Before the accident flight, the commercial pilot had conducted three flights in the Cessna 208B, during which parachutists were successfully dropped.
After each flight, he returned the empty airplane to a dry grass 1,950′ airstrip in Baldwin, Wisconsin, and conducted full-stop landings.
Because the temperature was over 90° with high humidity, he requested that his manifests allow only up to 14 parachutists and a longer time between shutdowns to ensure sufficient time for adequate engine cooling before the next flight.
The pilot reported that pop-up rain showers had been passing north and south of his base airport throughout the morning, but that they never came closer than 10 to 15 miles.
While preparing for the accident flight, he noted that clouds were over the intended drop zone but that there was no rain. The clouds were moving away from the northern edge of the drop zone, so he decided that it was worth attempting the flight.

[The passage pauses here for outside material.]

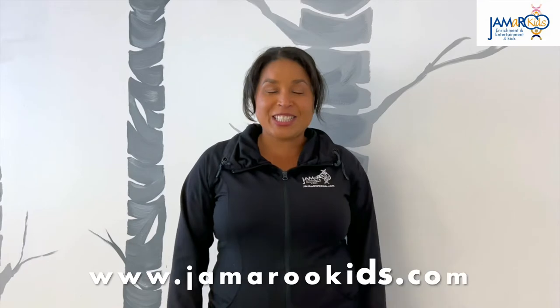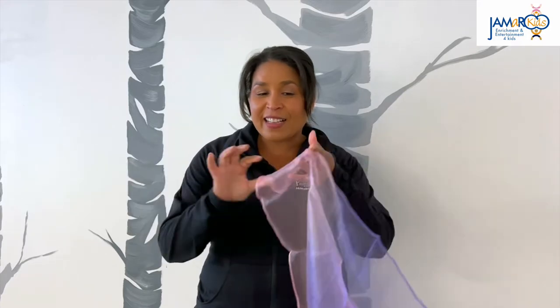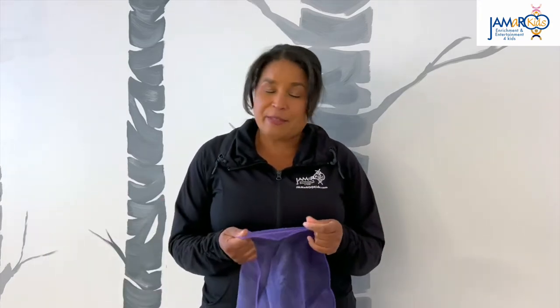Hello everybody! My name is Teacher Jamaica and I'm here at Jammeroo Kids. Today we're going to be learning a new fun scarf song. If you don't have a scarf, you can use a dish towel, a washcloth, a pillowcase, or a bandana. Any piece of fabric will do.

While climbing through 4,000′, an air traffic controller advised the pilot that light-to-moderate precipitation was in the area. He continued to climb toward the drop zone, and the flight encountered light rain.
The pilot advised the 14 parachutists that they were returning to land because of the weather.

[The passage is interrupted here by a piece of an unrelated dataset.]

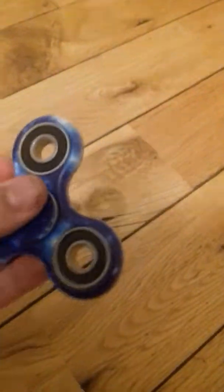Hey guys, Marvin Dutier here. In today's video I'm just gonna show you my fidget spinners that I got when I was a bit younger. So the first one is the galaxy one, as you can see.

The approach was a stabilized, power-on approach, which was much flatter than the previous approaches with an empty airplane.
The pilot used flaps incrementally to 30° (full flaps), initiated a flare over the threshold, and touched down at 65 knots. He used full-reverse propeller and retracted the flaps during the landing roll.
When he started to apply the brakes, he discovered that the braking action was null. The grass runway was wet because of a recent rain shower.
Because of the hot temperature, humidity, full load of parachutists, and trees at the end of the runway, he decided not to attempt a go-around. He held full aft on the control yoke for aerodynamic braking, stayed in full-reverse propeller, and braked as much as possible without locking the wheels up.
Just before coming to a complete stop (about 5 to 10 mph), the airplane rolled into a ditch before a road beyond the departure end of the runway, which resulted in substantial damage to the empennage.
According to the airplane manufacturer, the applicable Pilot’s Operating Handbook (POH) tables did not provide distances for landing on wet grass runways. However, for landing on dry grass runways, 40% distance was added to the normal landing roll distance chart figures.
The pilot reported the airplane weighed 8,010 lbs, and the nearest weather reporting station to the accident site, located at an airport about 16 miles to the north, reported that the temperature was 30°C at the time of the accident.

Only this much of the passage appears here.